Beyond Knowledge Management

David Mason (Victoria University of Wellington, New Zealand david.mason@vuw.ac.nz)

The Electronic Library

ISSN: 0264-0473

Article publication date: 1 December 2004

232

Keywords

Citation

Mason, D. (2004), "Beyond Knowledge Management", The Electronic Library, Vol. 22 No. 6, pp. 534-534. https://doi.org/10.1108/02640470410570893

Publisher

:

Emerald Group Publishing Limited

Copyright © 2004, Emerald Group Publishing Limited


Beyond Knowledge Management aims to offer a fresh look at the theory and practice underlying knowledge management (KM). Throughout the book the authors take the systems view of organisations as their theme and use systems theory to analyse and describe KM.

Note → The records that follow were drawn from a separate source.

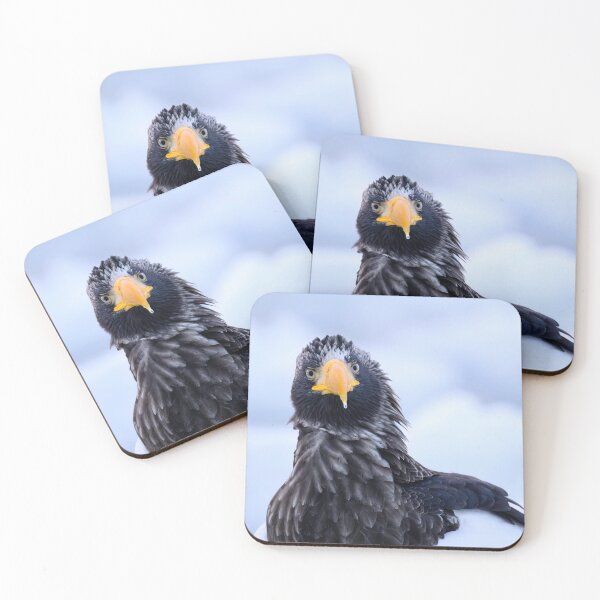 Item preview, Steller's sea eagle in portrait: The largest eagle in the world designed and sold by NaturfotoEdel.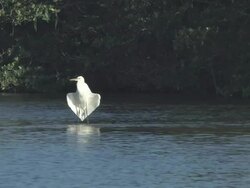 Egret drying wings 1 Stock Footage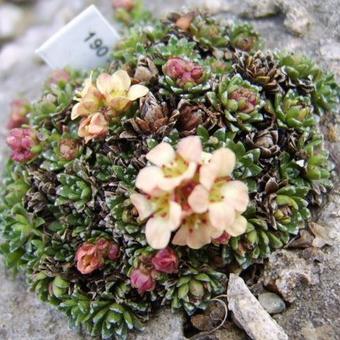 Saxifraga 'Jive'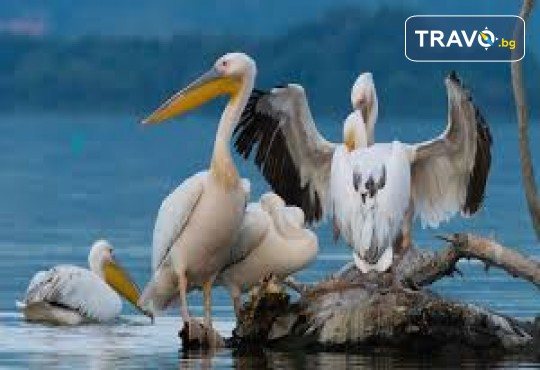 Еднодневна екскурзкия до Керкини, езерото на пеликани и фламинго с транспорт от Неврокоп Травел - Снимка 6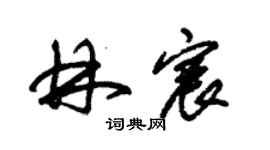 朱锡荣林宸草书个性签名怎么写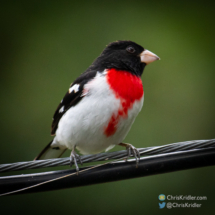 Rose-breasted grosbeak.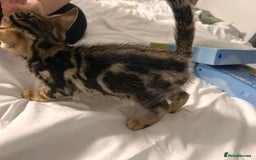 Bengal cats for sale: Beautiful bengal  - Image 7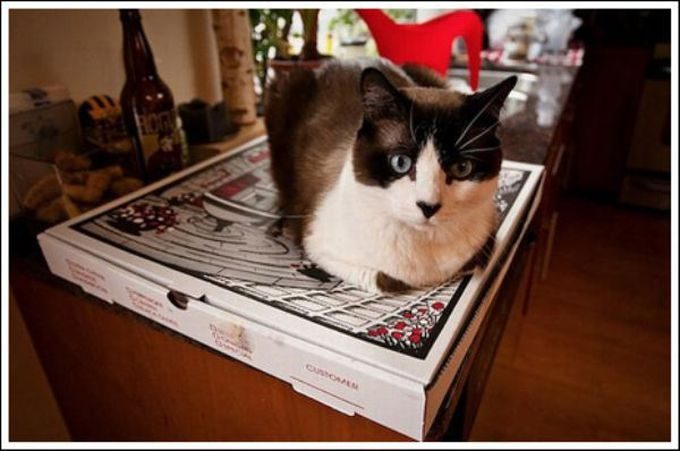 За что коты любят пиццу
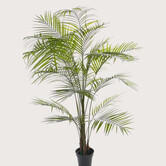 Areca palm UV Groen H195 D140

The book is organised into seven chapters. Chapter one is a short overview of KM. Chapter two expands on KM and looks at some of the main themes and issues affecting KM in organisations today. Chapter three gives a detailed explanation of the socio‐technical view of organisational management using two case studies to illustrate the principles. Chapter four compares the main schools of thought within systems thinking and considers how these can influence ways of thinking about and understanding KM. Chapter five is a review of academic journal articles that contain frameworks for knowledge management. Chapter six gives the authors’ own framework and chapter seven is the conclusion.

The book's organisation does not reflect the weight given the topics: chapter five comprises almost half the book. The crux of the book, the authors’ proposed superior framework in chapter six, gets only seven pages and the final chapter has only two pages.

The writing itself follows the same uneven pattern. The introduction to KM is pitched at an overly simplistic level for most of the chapter but also introduces a 74‐word root definition to define knowledge management. Chapter two draws on the standard works of Sveiby, Nonaka and Senge without adding anything new. The chapter on socio‐technical systems is overlong and largely irrelevant, unnecessarily justifying the socio‐technical approach to KM, including an extended history of the socio‐technical movement. The use of socio‐technical thinking is perfectly justified in relations to KM, but it applies only to the implementation of KM., since it is an approach to computer system design methodologies. It therefore applies to the process of introduction of KM into organisations, but says nothing about KM per se. The chapter on systems thinking suffers from the same criticism. The chapter covers various philosophical approaches, notably from Kant, and Critical Social Theory based on Habermas and Jackson. The treatment is eclectic rather than rigorous and the chapter outcome is the somewhat obvious observation that knowledge is not absolute but constructed by each individual, for themselves. The review of KM frameworks, chapter five, is a disappointment. It constitutes almost half the book, and despite its title does not actually describe in detail any of the 40 frameworks reviewed. This work if published would have been extremely valuable as a research source, but the reviews actually consist of a qualitative interpretative approach, reporting on the presentation, clarity, rigour, etc., of the articles, not their content. The authors then assign a subjective numerical score to each article, and some 100 unnecessary pages later provide summary tables of averages and totals. The value of this exercise is not entirely clear.

The authors’ own framework for knowledge management (chapter six) is actually a methodology for implementation based on socio‐technical principles. Looked at objectively, their methodology is little more than a standard systems life cycle model, with “computer system” replaced with the term “knowledge management”. The whole book is about the socio‐technical approach to systems design, and while it purports to be about knowledge management it is really a book length justification for a people‐centred view of computer implementation.

Overall, the framework analysis section of this book should have produced a valuable reference resource and the underlying theme an interesting alternative viewpoint on the philosophy of knowledge management, but the reality is that the book does not deliver on its promises.